I’d Be Better off at McDonalds
…they provide no documentation as to how their algorithm produces this indicated value…
I had to “jump in the pool” and see what these bifurcated appraisals are all about. The names have been withheld to protect the guilty.
I recently completed a “bifurcated” report for one of the AMC’s providing this type of service. The form is to be completed on their site and they recently upgraded to the “new and improved” report on their portal as of January 1, 2019.
The subject is sited in an urban location and while not an anomaly per se, does display features such as being one of the largest Ranch style dwellings, significant lower level finish and a considerably larger site amongst properties in its immediate market area. Client expectations are rather typical: 3 closed sales, preferably within 6 months, that bracket all of the subject’s value-related features. While this could be done, it produced an indicated range of value slightly greater than I prefer. However, this specific form only allows 3 comparables. Even though I actually added 5, only 3 could be used to reconcile value. While I need 3 specific sales to bracket, I’d have added an addition 1 or 2 in further support.

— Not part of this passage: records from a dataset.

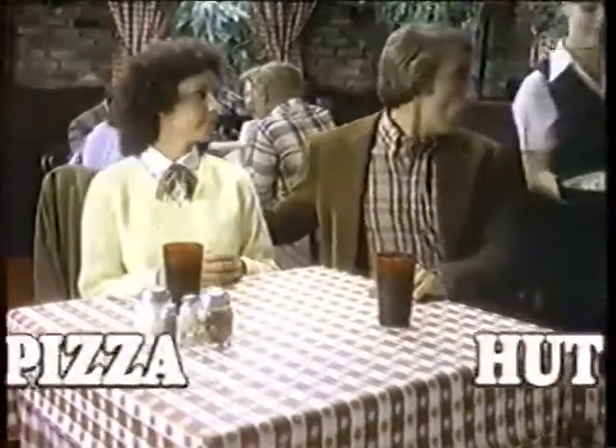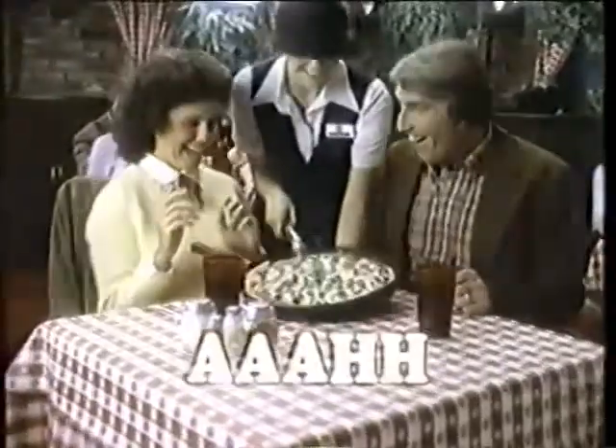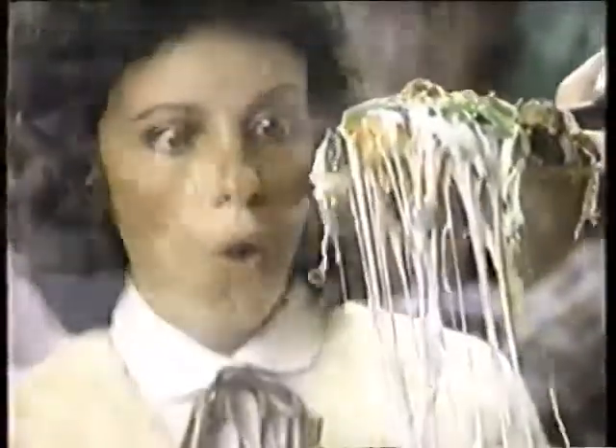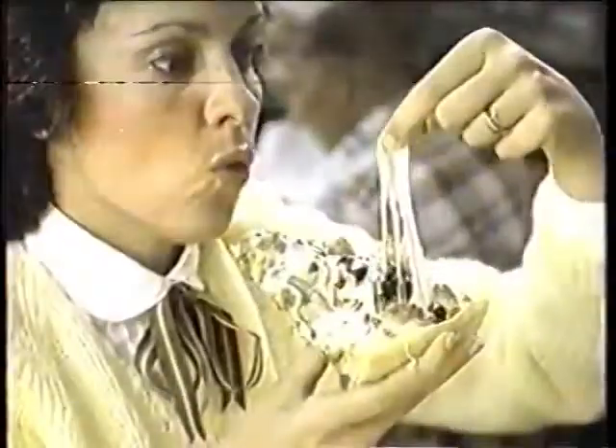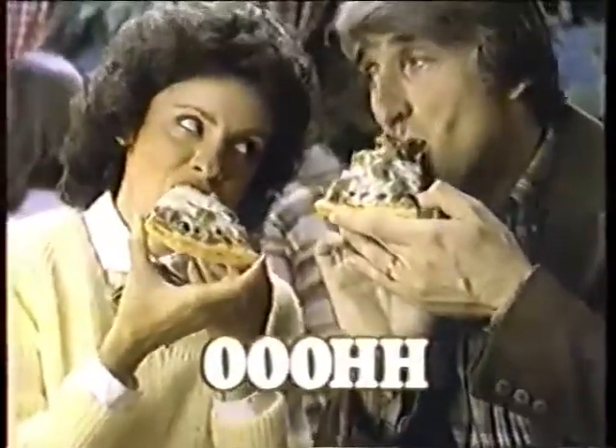If you haven't tried pan pizza at Pizza Hut, you don't know what you're missing. It's a pan full of homemade goodness, with a tender golden crust and pure mozzarella cheese, topped the way you like it. There's nothing quite like the taste of pan pizza at your hometown Pizza Hut restaurant.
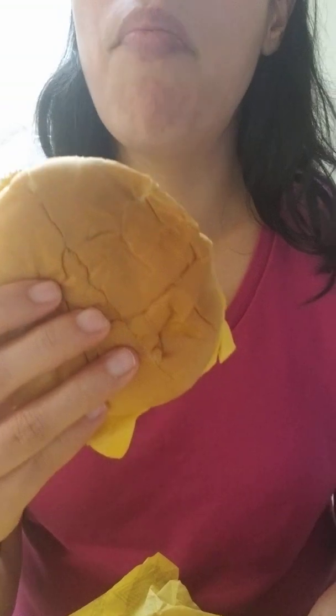I'm gonna put this back in here, hopefully it doesn't fall again. Here goes — oh, a tot! Let's try this stick tot here. It's a little salty for my liking. Let's take a bite of this burger — some cheese fell out. Mmm.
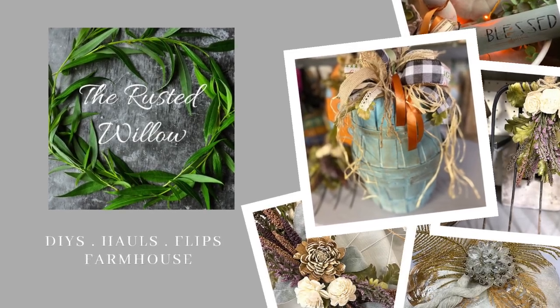Hi guys, welcome to my channel. My name is Tammy and today I am bringing you 3rd Thursday Thrift Flips. Elizabeth from Rustic Chicks Design and I host this every 3rd Thursday of the month. And this month our co-host is Lolly from Lolly D's Creations. So let's get started.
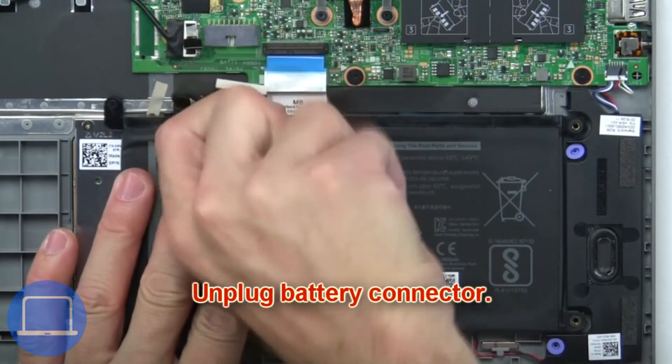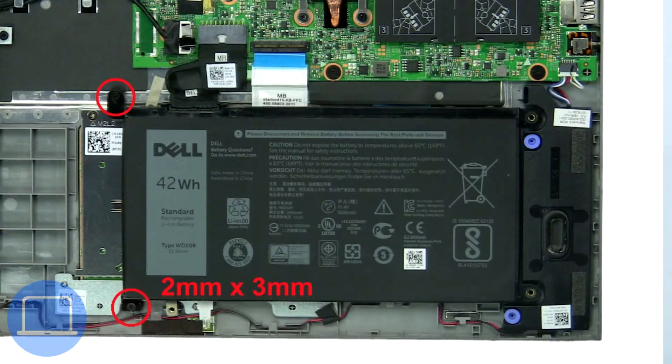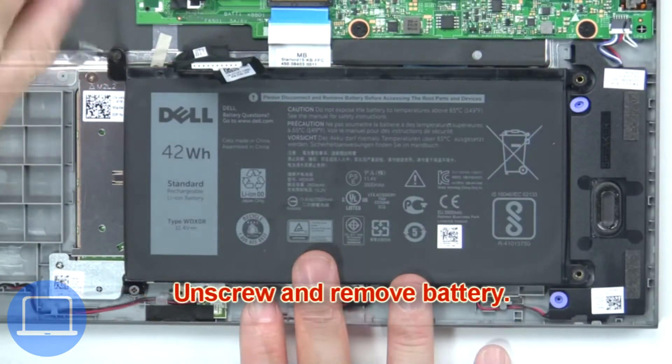Then unplug the battery connector. Now unscrew and remove the battery.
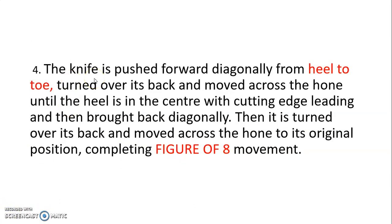The knife is then pushed forward diagonally from heel to toe, turned over its back, and moved across the hone until the heel is in the center with the cutting edge leading, and then brought back diagonally. It is then turned over its back and moved across the hone to its original position, completing the figure-of-8 movement. This is the honing technique.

Of additional significant note is that during the cursory analysis and, according to MLS and tax records, the subject last sold over 3 years ago and was stated as such in the report. The field report provided, stated the subject to be in “average” condition with external negative influences for being sited within 3/4 of a mile from railroad tracks and an interstate. Imagine that in an urban location? Based upon readily available data, the subject was considered a Q4, C4 with no external obsolescence for purposes of my report. This specific report allows for value-related adjustments and produces its own indicated value. Because they provide no documentation as to how their algorithm produces this indicated value, I chose to weight the adjusted sales and override their indicated value with my own. I chose to add additional verbiage that I believed made me as USPAP-compliant as possible. They weren’t crazy about it, but didn’t request I remove it either.
This report paid $75. It wasn’t terrible and took approximately 1.5 hours to complete. I suspect if I was familiar with the software, the subject was in an urban location and I had “canned statements” relative to USPAP-compliance, prior services, etc. that it could been completed in 1 hour +/-. Not necessarily terrible, but no one’s retiring on these. And so, I thought it was the end.
Underwriting came back stating they found a recent sale somewhere online. I questioned the underwriter as to where this data was found. It took them 2 days to respond that “Sorry for the late reply. I’ll have to get back to you”. When processing was screaming for me to complete the “revisions” I told them of this correspondence. It was elevated to a “senior” reviewer who cited a recent sale of $XXX found online but, again, provided no information relative to where it was found. An online search found the subject with photos on some goofball site like Trulia, but it never stated it was listed nor for sale and no FSBO data could be found either. A search of the WI DOR Transfer Return Site did reveal it transferred recently, although no verifiable proof it was exposed to the open market could be found. The sale was so recent that the local assessor hadn’t analyzed it as of yet for arm’s length validity. They also wanted to know why my indicated value was well below their inflated and inaccurate assessed value provided, and suggested I adjust my condition from C4 to C3.
Long story short, I had no evidence of exposure to the open market and recent arm’s length sale, and appropriately discounted the recent sale. I also pointed out the almost 30% higher and inaccurate stated assessed value and the fact they could provide no significant data warranting changing my conditional rating coupled with the fact they suggest the field observations be extraordinarily presumed accurate. With the additional 2.5 hours I’d now be better off at McDonalds.
But it doesn’t end there. In an unbelievable twist I’m sure Mr. Ford would appreciate, the “new and improved” system doesn’t allow you to retain a copy of your work (can you say RECORDKEEPING violation). I questioned the senior appraiser about this. He stated the system was originally set up to deliver a PDF of your report directly to your email. However, an appraiser’s email account was recently hacked and they discontinued this practice. But, there’s a repository of your work accessible from your portal and you can download your reports from there. When I pointed out the fact that actually, there isn’t, or at least no links to said repository within the portal: Crickets.
As if the forms aren’t questionable enough and “revisions” are as much, if not more rampant than typical AMC field work, the fact you can’t retain a copy of your own work for recordkeeping purposes is the USPAP coup de grace. At least, for this AMC it is.
By Mark Ziegler, certified residential appraiser and owner of LandMark Valuation based in Two Rivers, Wisconsin.